New EPA head Scott Pruitt's emails reveal close ties with fossil fuel interests

The Guardian - Feb 22 The close relationship between Scott Pruitt, the new administrator of the Environmental Protection Agency (EPA), and fossil fuel interests has been highlighted in more than 7,500 emails and other records released by the Oklahoma attorney general’s office on Wednesday. The documents show that Pruitt, while Oklahoma attorney general, acted in close concert with oil and gas companies to challenge environmental regulations, even putting his letterhead to a complaint filed by one energy firm. This practice was first revealed in 2014, but it now appears that it occurred more than once. The emails also show that American Fuel and Petrochemical Manufacturers, an oil and gas lobby group, provided Pruitt’s office with template language to oppose ozone limits and the renewable fuel standard program in 2013. In his first speech at EPA headquarters in Washington on Tuesday, however, Pruitt praised career employees and promised to “listen, learn and lead”. He said regulators such as the EPA “ought to make things regular. Regulators exist to give certainty to those that they regulate.” He added: “I believe that we as a nation can be both pro-energy and -jobs, and pro-environment. We don’t have to choose between the two.”
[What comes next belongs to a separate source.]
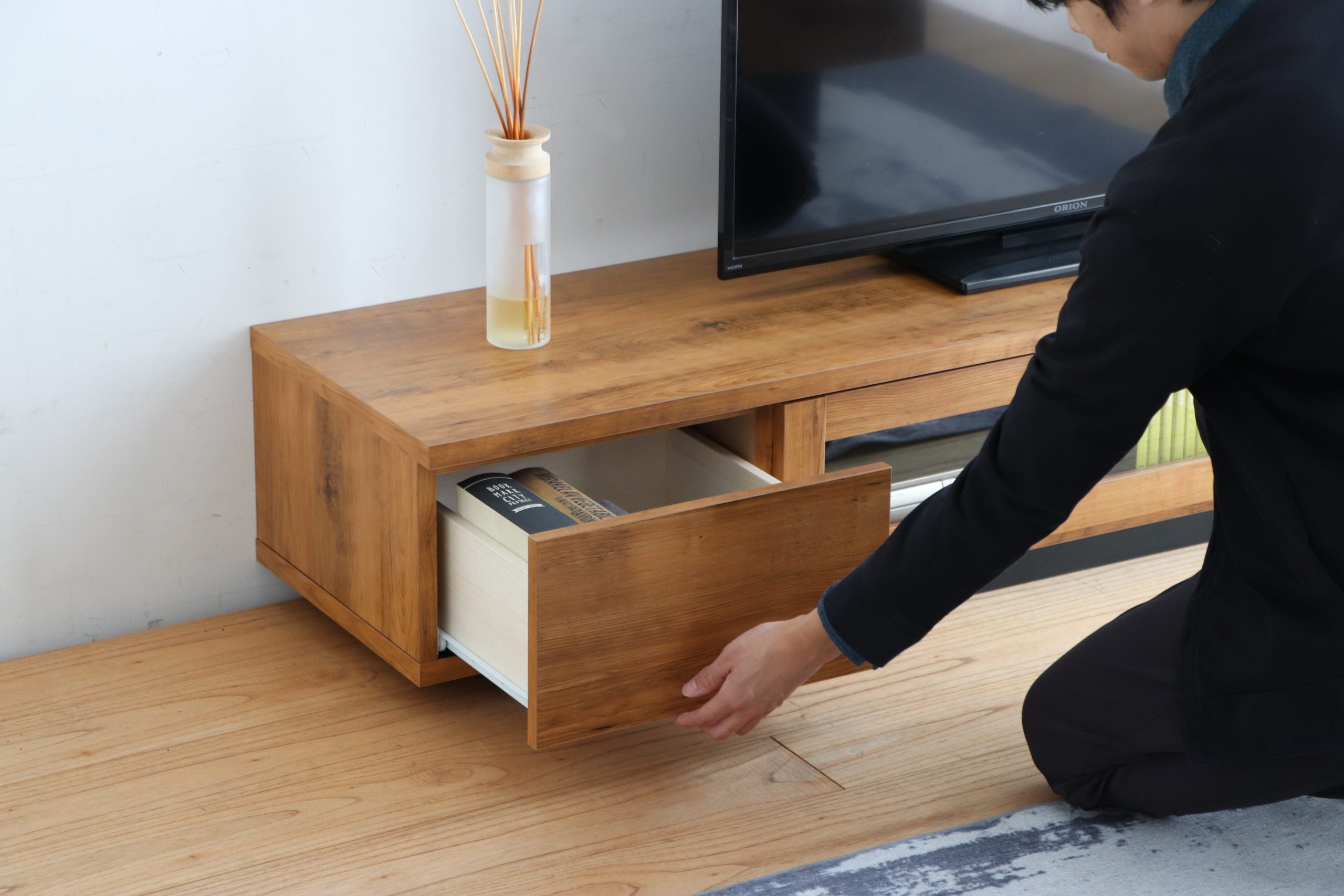 TV Board ADMR 180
Automakers ask EPA to withdraw Obama mileage decision

Bloomberg - Feb 21 In separate Feb. 21 letters, the Association of Global Automakers and the Alliance of Automobile Manufacturers asked U.S. Environmental Protection Agency (EPA) administrator Scott Pruitt to withdraw the agency’s Jan. 13 determination, made in the final days of President Obama’s administration, that light-vehicle greenhouse gas emissions standards through 2025 should remain unchanged from when they took effect in 2012. The letters mark an escalation in the auto industry’s campaign to shape efficiency regulations that they say are overly demanding amid cheap gasoline and tepid demand for the most fuel-efficient vehicles, and could jeopardize industry jobs. In 2011, automakers agreed to the 2025 efficiency rules in a landmark deal brokered by the Obama administration to boost fuel economy to a fleet average of more than 50 miles per gallon by 2025. The agreement aligned tailpipe greenhouse gas limits set by the EPA and California’s Air Resources Board with fuel economy regulations governed by the National Highway Traffic Safety Administration.
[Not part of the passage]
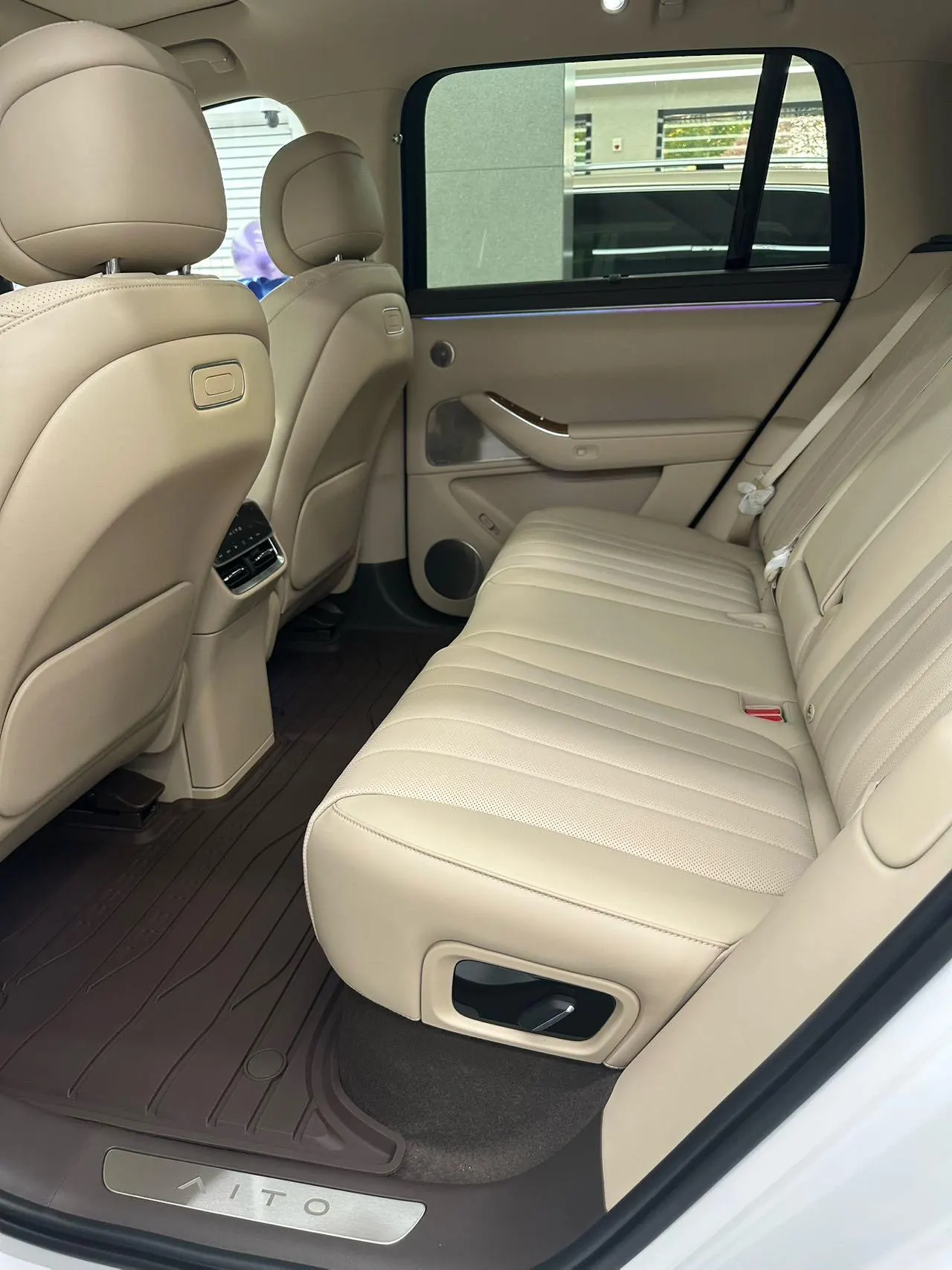 AITO 2026 AITO M7 Pure Electric Ultra Four-wheel Drive Edition 5 (192 Line Laser Radar) Automatic Gear 5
Court supports order to divert water to support salmon

SFGate - Feb 21 The Ninth Circuit Court of Appeals ruled Tuesday that the U.S. Bureau of Reclamation (Bureau) had authority under a 1955 federal law to release Trinity River water from the Lewiston Dam in 2013 into the Klamath River, where salmon were migrating to their spawning grounds. That law allowed the government to take “appropriate measures” to preserve fish and wildlife, the court said. There was no immediate comment from lawyers for the Westlands Water District and the San Luis & Delta-Mendota Water Authority, which challenged the Bureau’s actions. For about 50 years, water from the Trinity River, a Klamath tributary, has been largely diverted to the federal Central Valley Project for agricultural use, but the deaths of about 34,000 Klamath River salmon prompted a federal judge in 2002 to authorize increased flows to the river. As water supplies dwindled in 2013, the Bureau ordered renewed flows from Lewiston Dam to protect the salmon, and did so again the following two years.

 

DISCLAIMER: Because of the generality of this update, the information provided herein may not be applicable in all situations and should not be acted upon without specific legal advice based on particular situations.